While an earthquake shifts the ground beneath our feet, the United Nation’s climate change proposal would shift trillions of dollars in wealth transfers and entail “ job losses and gains, new taxes, industrial relocations, new tariffs and subsidies, and complicated payments for greenhouse gas abatement schemes and carbon taxes.” And while earthquakes inflict considerable amounts of economic damage, it pales in comparison to the economic burden a carbon dioxide reduction scheme would do – not only in the United States but also in other developed countries and developing countries.

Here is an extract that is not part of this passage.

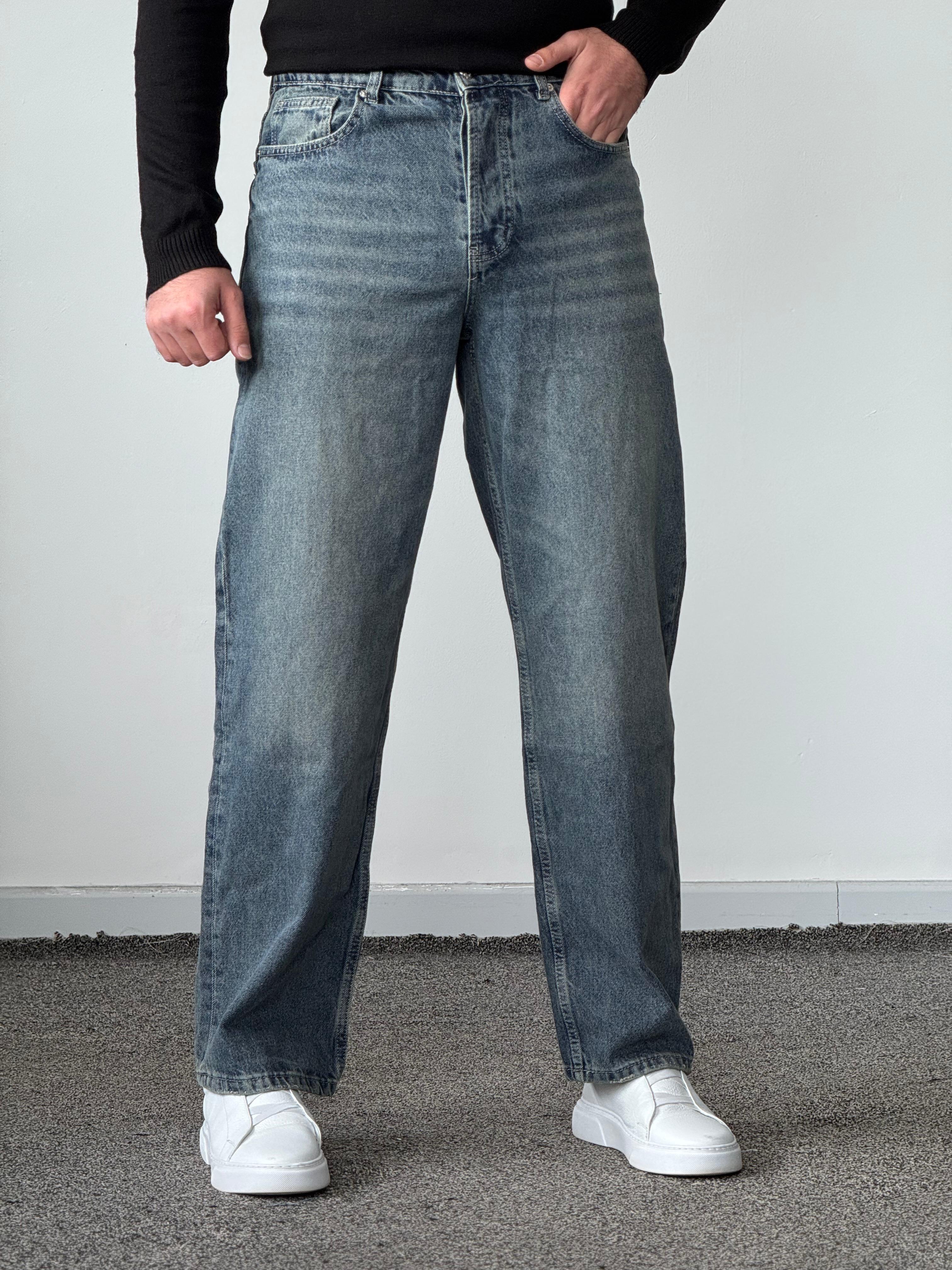 Premıum Kalite Regular Fit Jean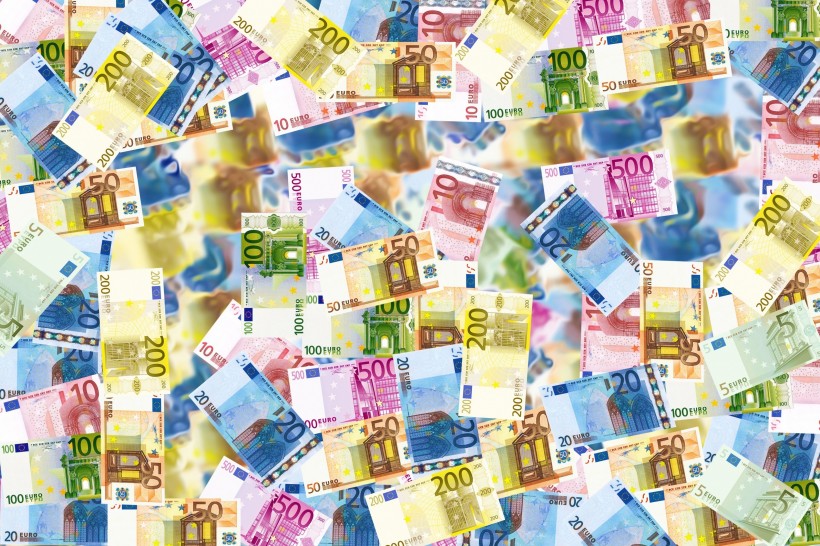 欧元纸币图片(12张)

The U.N. conference in Bonn, Germany commenced yesterday to hash out details for an international approach to reducing greenhouse gas emissions. The goal is to have a plan ready for the global warming summit in Copenhagen at the end of the year that would supplant the failed Kyoto Protocol. The 1997 agreement, which the United States chose wisely not to enter into,
requires the 37 countries that signed it to slash emissions by a combined 5.2 percent below 1990 levels by 2012. But the treaty is a pipe dream. Instead of falling, the U.N. reported that such emissions are nearing “an all-time high.” Greenhouse gas emissions from the Kyoto signers increased 2.6 percent between 2000 and 2005.
Signing Kyoto may allow a country to claim it’s a good “global citizen,” but many of those citizens aren’t keeping their promises. The U.N. reports Kyoto signers Austria, New Zealand and Canada have all increased their emissions over 1990 levels — by 14, 23 and 54 percent, respectively.”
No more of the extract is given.